BEGIN
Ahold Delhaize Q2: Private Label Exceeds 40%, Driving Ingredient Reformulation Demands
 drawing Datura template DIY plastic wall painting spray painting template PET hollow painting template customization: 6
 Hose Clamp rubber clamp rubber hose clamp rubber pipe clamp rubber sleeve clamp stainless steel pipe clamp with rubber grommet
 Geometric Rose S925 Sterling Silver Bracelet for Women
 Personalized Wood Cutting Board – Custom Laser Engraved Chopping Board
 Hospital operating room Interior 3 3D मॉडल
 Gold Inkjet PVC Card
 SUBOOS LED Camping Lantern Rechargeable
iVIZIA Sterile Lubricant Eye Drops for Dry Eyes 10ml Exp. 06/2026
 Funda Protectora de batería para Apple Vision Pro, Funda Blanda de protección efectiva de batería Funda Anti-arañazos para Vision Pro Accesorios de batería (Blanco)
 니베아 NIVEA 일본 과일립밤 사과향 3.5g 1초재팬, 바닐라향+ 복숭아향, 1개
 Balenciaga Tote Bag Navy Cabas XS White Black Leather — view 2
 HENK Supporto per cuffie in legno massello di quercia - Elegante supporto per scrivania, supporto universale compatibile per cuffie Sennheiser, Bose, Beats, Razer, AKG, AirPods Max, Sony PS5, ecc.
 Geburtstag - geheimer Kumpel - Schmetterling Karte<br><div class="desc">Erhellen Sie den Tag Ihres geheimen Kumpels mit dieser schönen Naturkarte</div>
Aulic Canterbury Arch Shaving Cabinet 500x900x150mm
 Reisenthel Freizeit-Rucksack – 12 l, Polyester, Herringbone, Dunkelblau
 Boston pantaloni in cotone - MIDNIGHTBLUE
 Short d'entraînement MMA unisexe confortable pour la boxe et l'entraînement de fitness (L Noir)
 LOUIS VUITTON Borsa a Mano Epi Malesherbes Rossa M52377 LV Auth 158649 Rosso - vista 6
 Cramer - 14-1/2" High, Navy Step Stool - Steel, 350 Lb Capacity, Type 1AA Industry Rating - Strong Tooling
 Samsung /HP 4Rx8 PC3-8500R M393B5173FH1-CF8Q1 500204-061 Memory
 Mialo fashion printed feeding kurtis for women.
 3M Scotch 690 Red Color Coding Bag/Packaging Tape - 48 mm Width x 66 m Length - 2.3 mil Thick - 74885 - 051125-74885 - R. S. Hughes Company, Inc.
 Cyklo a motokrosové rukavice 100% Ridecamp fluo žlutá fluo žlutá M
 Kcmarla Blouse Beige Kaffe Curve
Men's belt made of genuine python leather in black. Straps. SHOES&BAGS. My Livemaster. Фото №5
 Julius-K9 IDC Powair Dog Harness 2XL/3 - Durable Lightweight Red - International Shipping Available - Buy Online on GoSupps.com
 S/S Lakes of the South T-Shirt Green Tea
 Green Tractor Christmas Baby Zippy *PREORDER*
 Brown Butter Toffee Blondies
END
THE TASK
Both end lines included, restate word for word the lines above from the line with "Men's belt made" to the line with "Julius-K9 IDC Powair", and nothing else.

PROBLEM SOLUTION
Men's belt made of genuine python leather in black. Straps. SHOES&BAGS. My Livemaster. Фото №5
 Julius-K9 IDC Powair Dog Harness 2XL/3 - Durable Lightweight Red - International Shipping Available - Buy Online on GoSupps.com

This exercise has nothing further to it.